KH Hasyim Asy’ari tercatat pernah belajar di Makkah selama enam sampai tujuh tahun lamanya. Di tanah suci, kyai kelahiran Jombang 10 April 1875 itu menuntut ilmu ke sejumlah ulama besar. Di antaranya Syeh Mahfudz bin Abdullah At-Termasy dan Syeh Nawawi Al-Bantany. Hadratus Syeh juga tercatat pernah belajar secara intensif dengan Sayyid Alawi bin Ahmad Assegaf dan Sayyid Husain bin Muhammad Al Habsy, mufti Madzhab Syafiiyah di Masjidil Haram dan kediaman keduanya.

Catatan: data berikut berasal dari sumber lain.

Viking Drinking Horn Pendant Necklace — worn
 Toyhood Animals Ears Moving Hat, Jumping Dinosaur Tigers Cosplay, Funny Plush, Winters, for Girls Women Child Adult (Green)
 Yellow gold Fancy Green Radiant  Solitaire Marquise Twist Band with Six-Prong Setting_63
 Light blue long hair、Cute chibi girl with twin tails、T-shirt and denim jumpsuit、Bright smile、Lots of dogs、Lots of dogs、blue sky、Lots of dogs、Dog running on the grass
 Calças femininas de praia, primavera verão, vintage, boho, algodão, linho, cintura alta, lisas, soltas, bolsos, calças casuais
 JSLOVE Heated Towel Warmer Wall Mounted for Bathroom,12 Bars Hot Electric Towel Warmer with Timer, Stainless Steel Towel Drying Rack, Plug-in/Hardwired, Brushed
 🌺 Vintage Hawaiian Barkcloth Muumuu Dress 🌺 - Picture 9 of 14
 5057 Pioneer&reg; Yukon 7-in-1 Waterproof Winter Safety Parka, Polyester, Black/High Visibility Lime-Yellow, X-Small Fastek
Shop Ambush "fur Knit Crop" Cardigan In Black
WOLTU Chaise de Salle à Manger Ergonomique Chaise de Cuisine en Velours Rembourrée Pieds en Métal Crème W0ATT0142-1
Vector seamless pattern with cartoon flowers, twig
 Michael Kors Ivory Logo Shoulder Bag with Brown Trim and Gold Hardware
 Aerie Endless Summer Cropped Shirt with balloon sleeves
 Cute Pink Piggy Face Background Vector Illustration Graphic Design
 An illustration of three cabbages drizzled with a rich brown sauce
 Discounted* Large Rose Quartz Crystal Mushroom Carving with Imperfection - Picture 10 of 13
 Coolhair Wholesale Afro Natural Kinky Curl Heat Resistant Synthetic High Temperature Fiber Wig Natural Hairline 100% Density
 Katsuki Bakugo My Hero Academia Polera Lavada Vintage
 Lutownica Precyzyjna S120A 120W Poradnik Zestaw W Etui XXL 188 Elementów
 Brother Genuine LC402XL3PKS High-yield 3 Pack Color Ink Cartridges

Kakek Gus Dur tersebut tercatat juga memiliki banyak guru lain, baik dari Makkah maupun dari luar Makkah, semisal Habib Ahmad bin Hasan Al Athas dan Syeh Rahmatullah bin Khalil Al Hindi, pendiri madrasah Shaulatiyah. Kiai Hasyim sendiri merupakan alumni Madrasah Shaulatiyah. Namanya tercantum dalam buku absen tahun 1304 H. Majalah Tarikhiyah Ilmiyah Alumni Madrasah Saulatiyah tahun 1432 edisi 3/tahun ke 3 mencatat, pada 1304 H atau 1893 KH Hasyim Asy’ari pergi ke Makkah untuk menuntut ilmu dan tinggal selama 6 tahun.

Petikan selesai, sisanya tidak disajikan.